### TASK OBJECTIVE
Where the line containing "Château de Vullierens." appears, start repeating, and continue exactly through the last line below, adding nothing. Include no pictures.

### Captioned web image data
:::
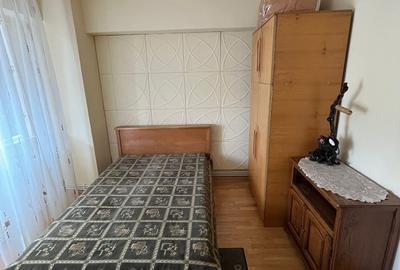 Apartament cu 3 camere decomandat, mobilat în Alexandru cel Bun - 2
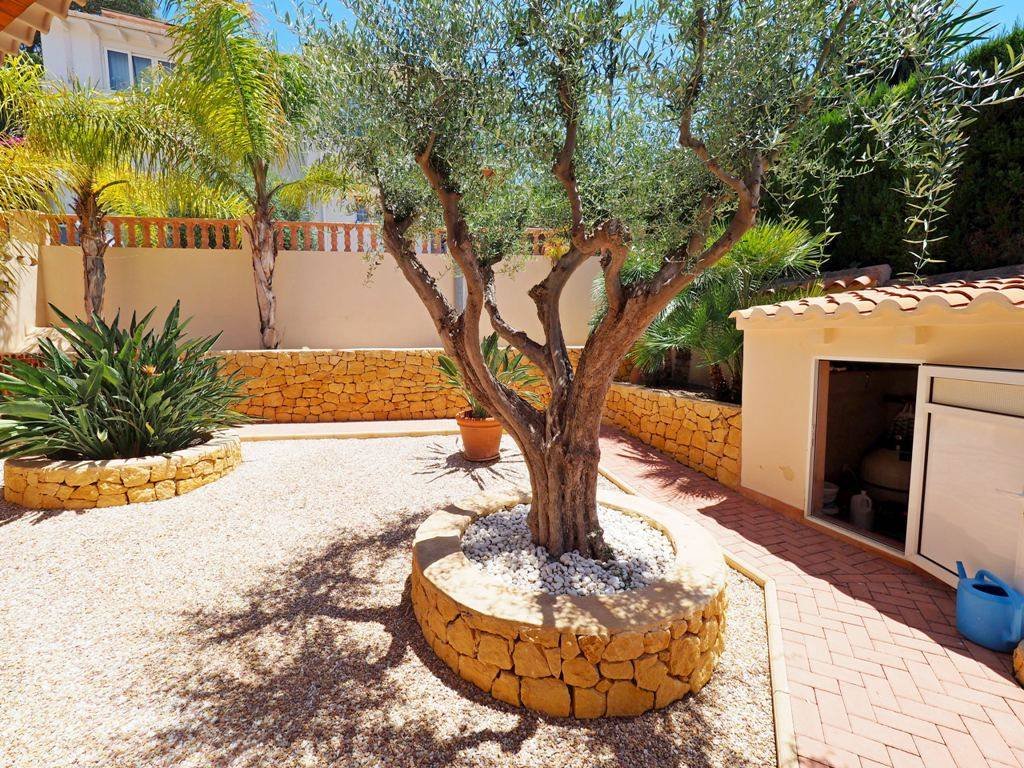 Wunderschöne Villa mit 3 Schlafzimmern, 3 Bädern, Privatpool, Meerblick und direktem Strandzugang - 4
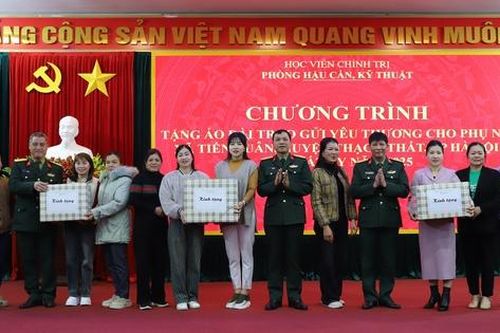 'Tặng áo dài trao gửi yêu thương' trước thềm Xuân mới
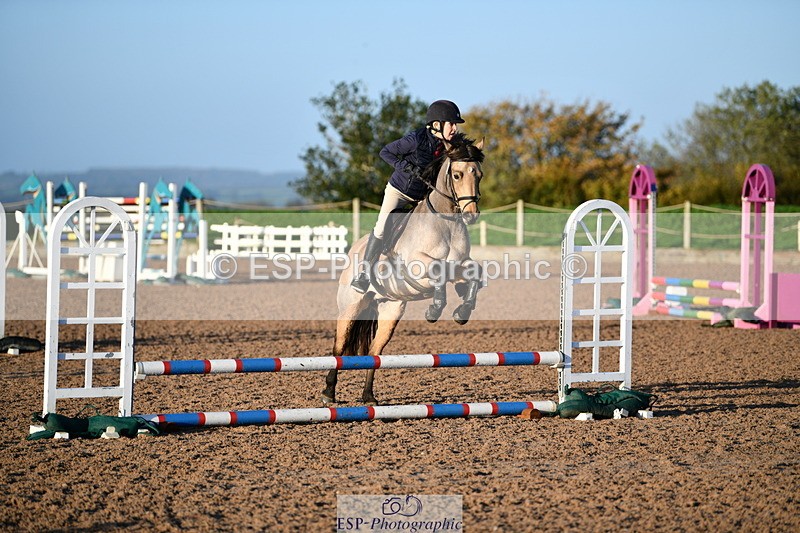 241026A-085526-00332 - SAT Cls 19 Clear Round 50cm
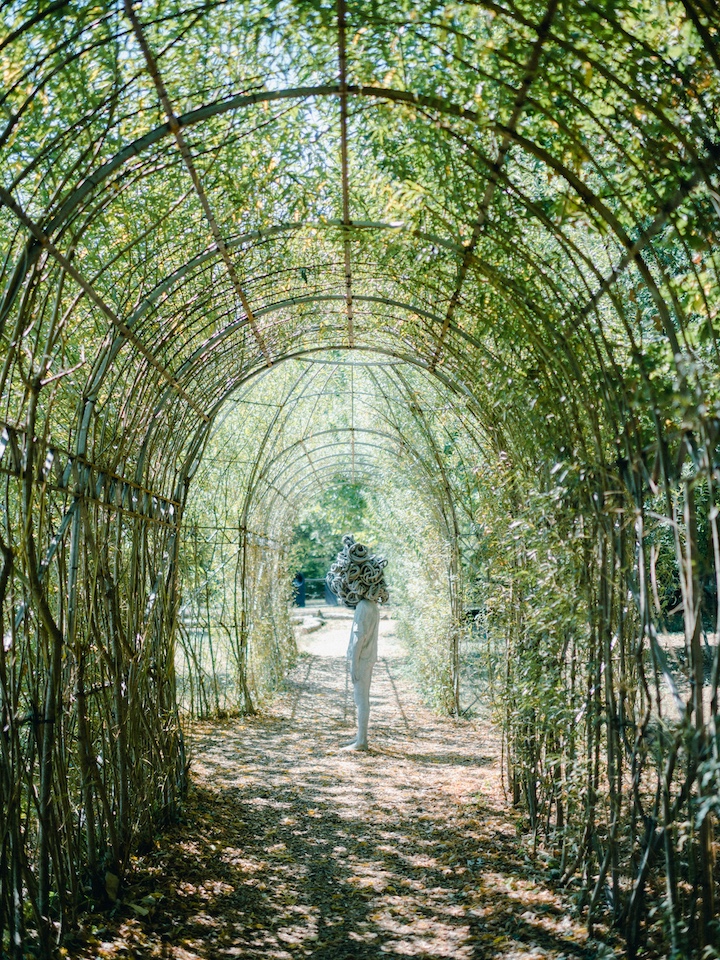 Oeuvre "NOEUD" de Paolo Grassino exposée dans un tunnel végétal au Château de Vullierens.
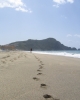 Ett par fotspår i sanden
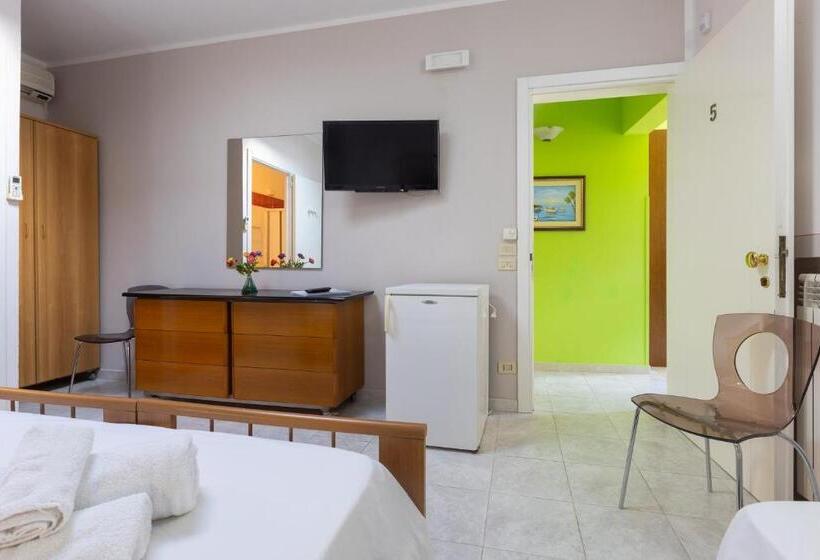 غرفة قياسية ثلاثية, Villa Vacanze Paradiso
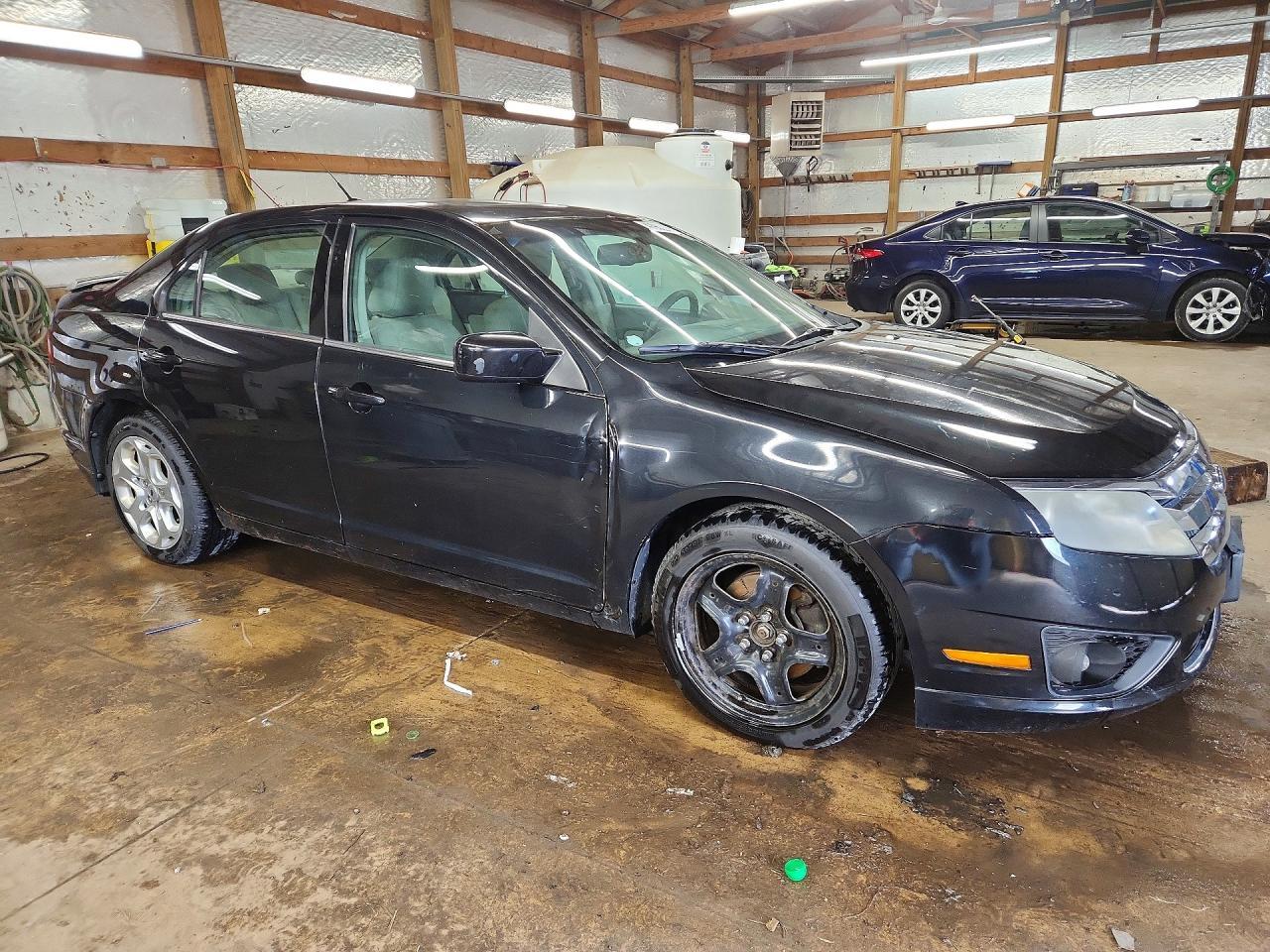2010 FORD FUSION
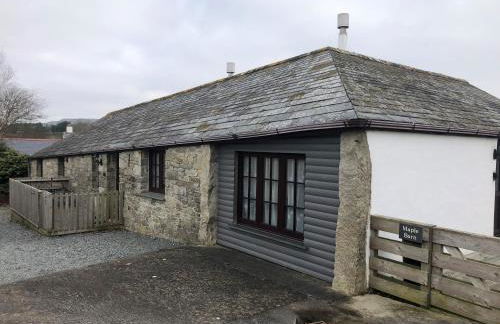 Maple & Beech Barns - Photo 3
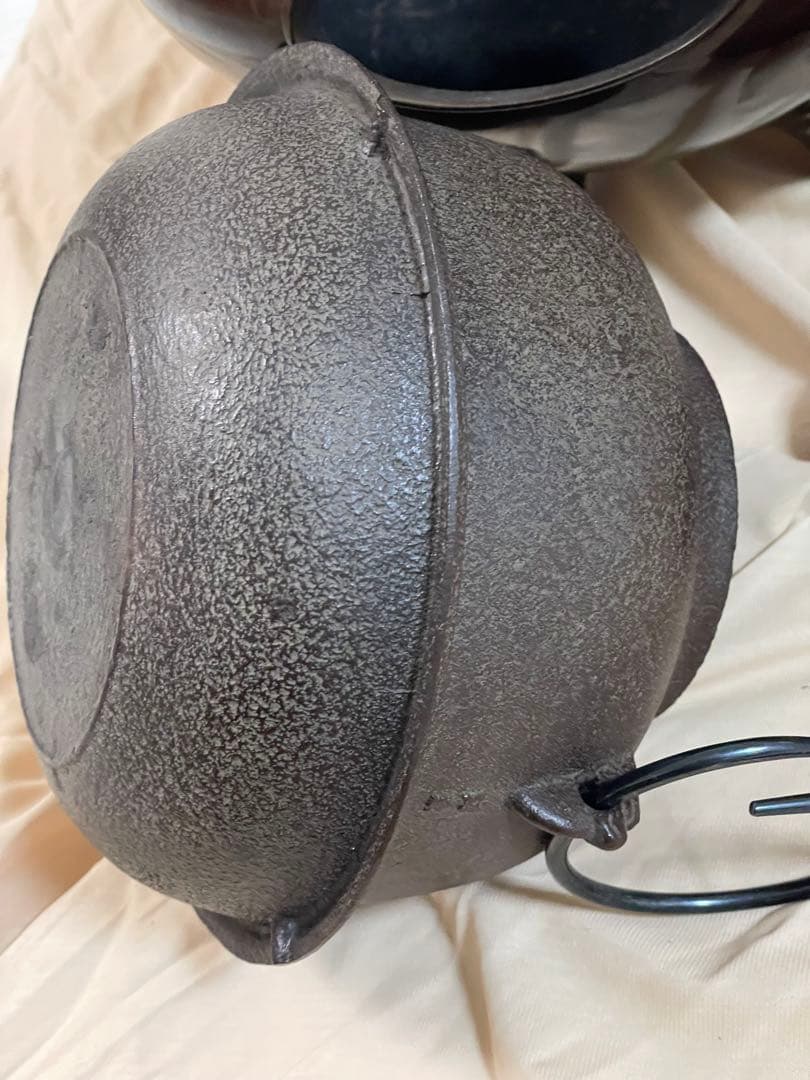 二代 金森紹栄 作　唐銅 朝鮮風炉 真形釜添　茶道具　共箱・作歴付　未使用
:::
### FINAL ANSWER
 Oeuvre "NOEUD" de Paolo Grassino exposée dans un tunnel végétal au Château de Vullierens.
 Ett par fotspår i sanden
 غرفة قياسية ثلاثية, Villa Vacanze Paradiso
2010 FORD FUSION
 Maple & Beech Barns - Photo 3
 二代 金森紹栄 作　唐銅 朝鮮風炉 真形釜添　茶道具　共箱・作歴付　未使用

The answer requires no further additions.